__Your instructions__:
Please return all lines of the data below containing the string "Official".

• • • • •

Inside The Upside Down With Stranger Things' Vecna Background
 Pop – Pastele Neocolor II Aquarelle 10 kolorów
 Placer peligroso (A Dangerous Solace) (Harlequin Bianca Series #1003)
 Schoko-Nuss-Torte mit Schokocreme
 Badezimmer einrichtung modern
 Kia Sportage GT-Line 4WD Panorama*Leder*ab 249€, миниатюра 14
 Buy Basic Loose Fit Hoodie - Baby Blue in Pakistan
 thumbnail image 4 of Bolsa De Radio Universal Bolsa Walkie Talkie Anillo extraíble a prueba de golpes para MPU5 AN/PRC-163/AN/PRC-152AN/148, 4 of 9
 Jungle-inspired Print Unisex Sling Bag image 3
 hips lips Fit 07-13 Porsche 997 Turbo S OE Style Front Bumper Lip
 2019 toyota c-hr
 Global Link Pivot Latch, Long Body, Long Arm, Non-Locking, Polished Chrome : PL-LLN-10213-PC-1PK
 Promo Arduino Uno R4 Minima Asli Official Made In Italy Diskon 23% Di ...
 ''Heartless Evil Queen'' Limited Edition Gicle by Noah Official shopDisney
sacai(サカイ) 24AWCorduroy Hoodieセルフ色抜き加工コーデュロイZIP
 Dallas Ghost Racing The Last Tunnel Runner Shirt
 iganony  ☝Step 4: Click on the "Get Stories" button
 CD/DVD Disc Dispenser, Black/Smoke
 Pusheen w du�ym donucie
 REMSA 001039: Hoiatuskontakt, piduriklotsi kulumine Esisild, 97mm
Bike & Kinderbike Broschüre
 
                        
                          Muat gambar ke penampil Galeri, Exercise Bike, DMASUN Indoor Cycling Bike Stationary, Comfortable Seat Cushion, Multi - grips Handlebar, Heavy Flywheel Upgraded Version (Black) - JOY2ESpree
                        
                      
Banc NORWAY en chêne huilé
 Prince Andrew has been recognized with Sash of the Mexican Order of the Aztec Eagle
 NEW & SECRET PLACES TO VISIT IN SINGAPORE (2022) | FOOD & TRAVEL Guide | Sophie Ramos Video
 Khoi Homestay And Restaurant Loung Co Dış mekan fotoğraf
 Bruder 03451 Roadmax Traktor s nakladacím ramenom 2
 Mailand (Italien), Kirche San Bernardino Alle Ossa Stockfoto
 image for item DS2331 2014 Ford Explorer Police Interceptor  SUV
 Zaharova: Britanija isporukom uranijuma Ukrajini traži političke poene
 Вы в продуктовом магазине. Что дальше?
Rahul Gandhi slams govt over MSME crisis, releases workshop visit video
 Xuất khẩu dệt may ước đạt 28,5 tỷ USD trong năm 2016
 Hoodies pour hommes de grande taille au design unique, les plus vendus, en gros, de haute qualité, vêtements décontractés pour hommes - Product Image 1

• • • • •

__Response box__:
 Promo Arduino Uno R4 Minima Asli Official Made In Italy Diskon 23% Di ...
 ''Heartless Evil Queen'' Limited Edition Gicle by Noah Official shopDisney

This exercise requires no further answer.